Die Zweiton-Sirene des gestrigen Abends funkt auf der Frequenz AfD und auf der Frequenz Bündnis Sahra Wagenknecht. Die Anti-Ausländer-Partei und Anti-Europa-Partei der Alice Weidel hat bei den Landtagswahlen in Thüringen die Position eins und in Sachsen die Position zwei erreicht. Sahra Wagenknecht konnte SPD und Linkspartei in beiden Bundesländern deklassieren.
Das Ergebnis: In Thüringen wurde Ministerpräsident Bodo Ramelow von der Linkspartei abgewählt. In Sachsen hat CDU-Ministerpräsident Michael Kretschmer seine Führung knapp verteidigt.
Die Ost-Wähler wünschen sich einen sozialen und starken Staat
Die Berliner Ampelregierung hat der Wähler in beiden Ostländern in all ihren Bestandteilen rasiert: SPD miniaturisiert. Grüne marginalisiert. FDP liquidiert. Und Sahra Wagenknecht, eben noch die Außenseiterin des politischen Betriebs, stellt auf dem Marktplatz ihr Feldherrenzelt auf.
Der Auslöser für die Sirene, das ergab die Wahlforschung, waren die Zustände an den Außengrenzen der Bundesrepublik, wo der Staat die illegale Migration nicht in den Griff bekommt, und die Zustände in den Städten, wo das organisierte Verbrechen sich ausgebreitet hat. Die Mehrzahl der Wähler in beiden Ostländern wünscht sich den sozialen, aber eben auch den starken Staat.
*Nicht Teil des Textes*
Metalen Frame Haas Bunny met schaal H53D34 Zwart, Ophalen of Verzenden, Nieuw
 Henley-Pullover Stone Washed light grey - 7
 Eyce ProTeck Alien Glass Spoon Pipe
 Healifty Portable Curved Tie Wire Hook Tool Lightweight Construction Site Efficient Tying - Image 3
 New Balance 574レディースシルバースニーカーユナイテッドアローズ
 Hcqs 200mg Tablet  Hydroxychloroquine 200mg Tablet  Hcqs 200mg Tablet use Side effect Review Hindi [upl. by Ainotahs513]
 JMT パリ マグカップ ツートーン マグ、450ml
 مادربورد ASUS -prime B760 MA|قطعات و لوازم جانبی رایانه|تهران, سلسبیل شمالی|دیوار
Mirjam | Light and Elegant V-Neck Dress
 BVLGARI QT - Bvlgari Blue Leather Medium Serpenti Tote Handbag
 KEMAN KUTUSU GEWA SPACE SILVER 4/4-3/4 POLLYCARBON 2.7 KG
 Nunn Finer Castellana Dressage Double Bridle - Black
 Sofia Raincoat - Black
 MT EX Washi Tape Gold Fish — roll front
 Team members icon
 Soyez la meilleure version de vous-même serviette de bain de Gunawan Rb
Die Sirene zu beschimpfen, macht keinen Sinn. In der Werkshalle würde sich kein Werksleiter vor ihr aufbauen, um gegen sie anzuschreien. Nicht mal der Ausschalter, also ein Parteienverbot, würde helfen, denn mit der Fehlermeldung verschwindet ja der Fehler nicht aus dem System.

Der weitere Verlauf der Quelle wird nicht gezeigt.